We didn’t extend these exceptions to all software. Email is not and has never been an exception included in this rule.
However, there’s another way to look at it: apps from companies that are big enough to have some kind of leverage. Amazon Prime Video offers in-app purchases and rentals, for instance, and doesn’t have to fork over the normally requisite fees to Apple.
Schiller notes that one of the ways Hey can fix the situation is by offering different tiers, one paid and one free:
One way that Hay could have gone, Schiller says, is to offer a free or paid version of the app with basic email reading features on the App Store then separately offered an upgraded email service that worked with the Hey app on iOS on its own website. Schiller gives one more example: an RSS app that reads any feed, but also reads an upgraded feed that could be charged for on a separate site. In both cases, the apps would have functionality when downloaded on the store.
Things get interesting in the copy of the letter that Apple sent to Basecamp, which Schiller provided to TechCrunch. Here’s the interesting portion:
Thank you for being an iOS app developer. We understand that Basecamp has developed a number of apps and many subsequent versions for the App Store for many years, and that the App Store has distributed millions of these apps to iOS users. These apps do not offer in-app purchase — and, consequently, have not contributed any revenue to the App Store over the last eight years. We are happy to continue to support you in your app business and offer you the solutions to provide your services for free — so long as you follow and respect the same App Store Review Guidelines and terms that all developers must follow.
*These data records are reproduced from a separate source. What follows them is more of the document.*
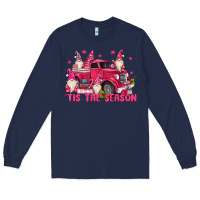 Navy tis the season Long Sleeve Tee - MaliasSmallBusiness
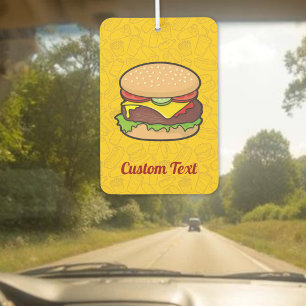 Käseburger Duftspender Autolufterfrischer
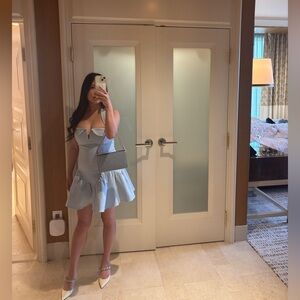 Meshki Calipso Halter Mini Dress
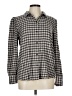 Rails Houndstooth Gray Black Long Sleeve Blouse Size L - photo 1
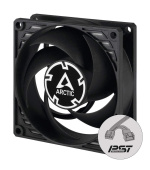 ARCTIC ventilátor P8 PWM PST 80 x 80 x 25mm, černý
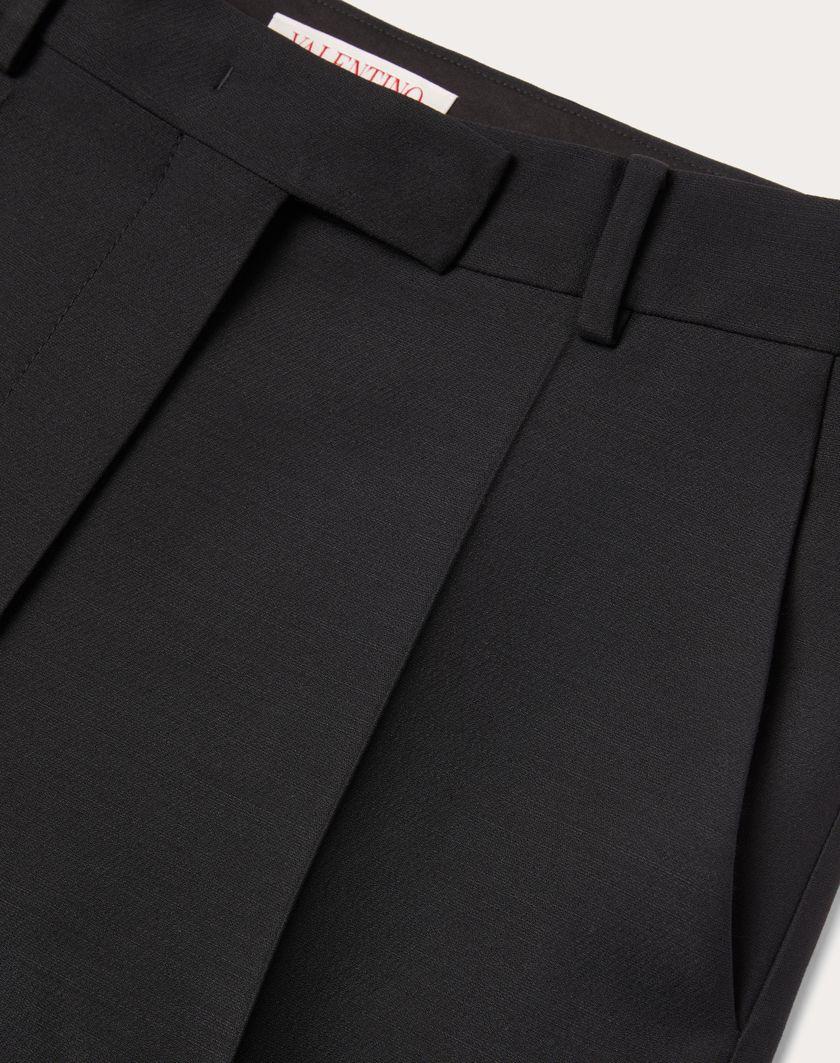 Valentino Handbags Pantaloni In Crepe Couture Per Donna In Nero | Valentino IT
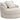 Cuddle Plush - Arctic - Oversized Swivel Accent Chair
Apple goes out of its way to say that Basecamp’s other apps that are available in the App Store are free, and, as a result, “don’t contribute” any revenue to the App Store “over the last eight years”. The whole statement feels like Apple is trying to strong-arming Basecamp, basically waving the fact that they are nice enough to allow their other free apps to be available in the App Store. Now that Basecamp has a subscription-based app available, well, Apple wants a cut and maybe Basecamp should feel obligated to do so because Apple’s been so nice up to this point.
Basecamp does not have a plan to back down from its own position: where it doesn’t fork over 30% of its revenue to Apple just because Apple demands it. And Schiller has now made it a point to say that it isn’t backing down, either. The trouble is Apple holds all the cards, and if Basecamp wants to keep Hey available for iOS users it will have to follow Apple’s cues here.
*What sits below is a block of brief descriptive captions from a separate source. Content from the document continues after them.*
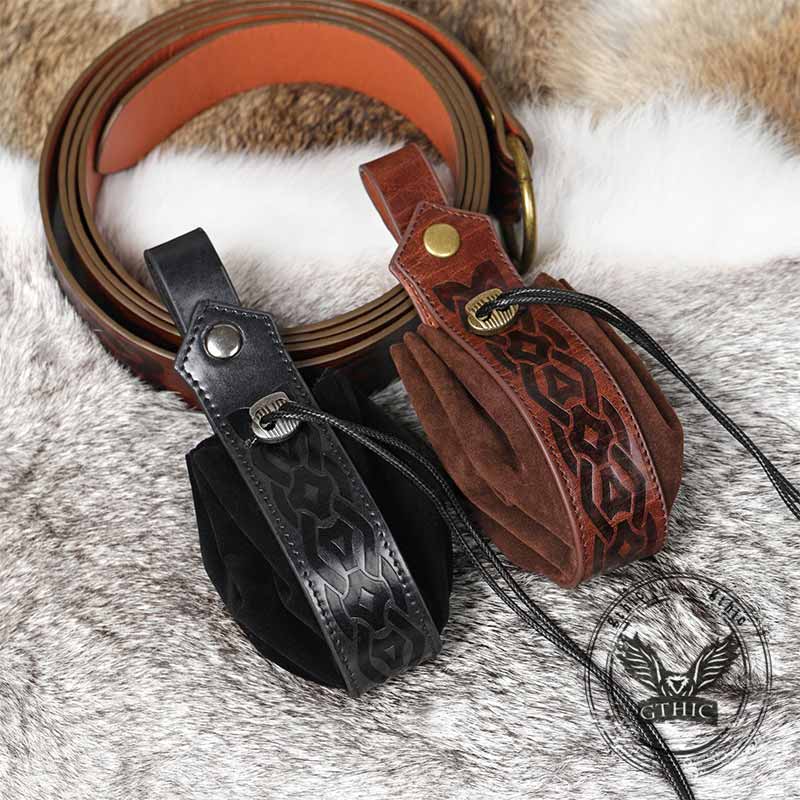 Nordic Retro Patterned Pouch Drawstring Waist Bag 01 | Gthic.com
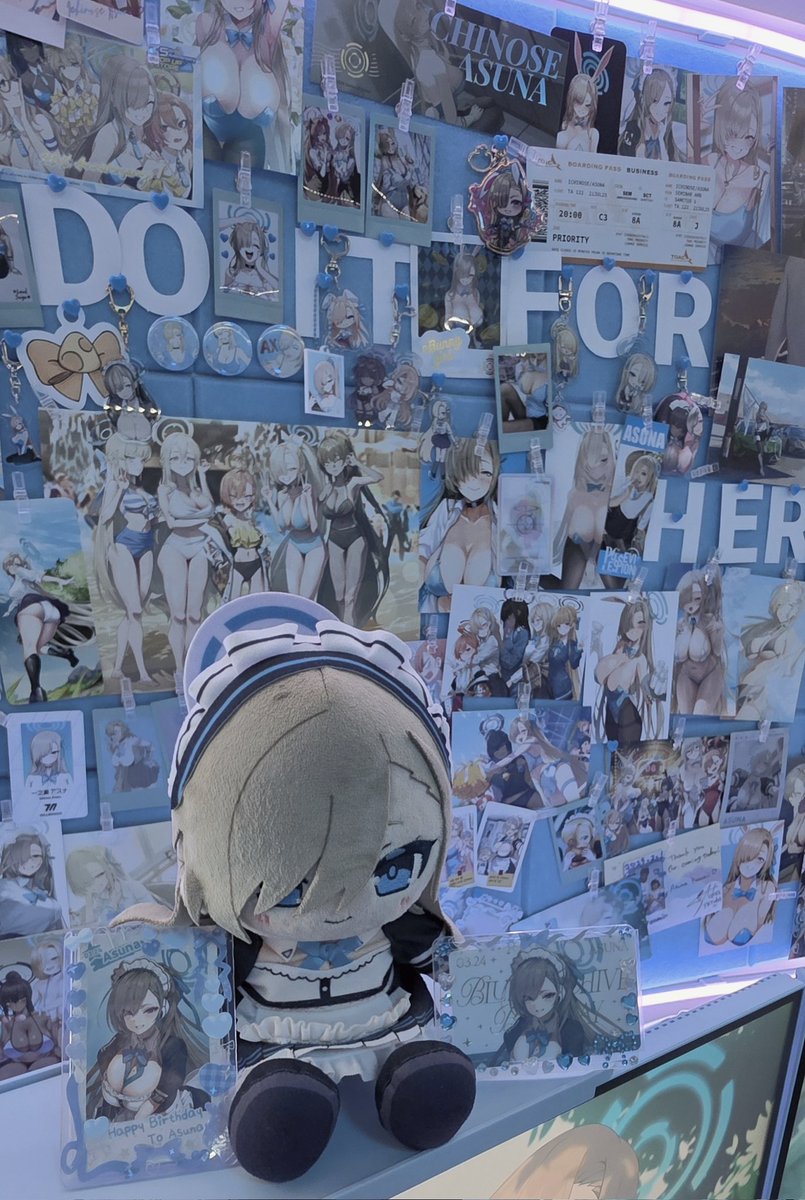 Good Asuna morning! Asuna had so much fun yesterday on her birthday! Thank you to everyone for making her day special!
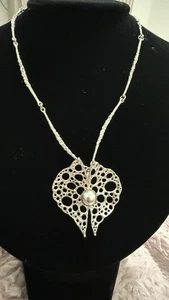 Israel Vintage 925 Sterling Silver Necklace Made In Israel - Picture 1 of 10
And let’s be clear here, this is not just Basecamp raising concerns over antitrust issues with Apple and the App Store. We most recently reported that both Epic Games and Match Group (owners of dating apps like Tinder and Hinge) are raising concerns over Apple’s practices. And we can’t forget that Spotify has been one of the most vocal opponents to Apple’s fees to date.
But Apple is not a stranger to any of this, and it has stayed firm on the subject since day one. And now Schiller is basically saying that Apple won’t be changing anything related to its fees anytime soon, if ever.
So, how do you feel about all of this? Is Apple in the right? Or does the company need to change its ways?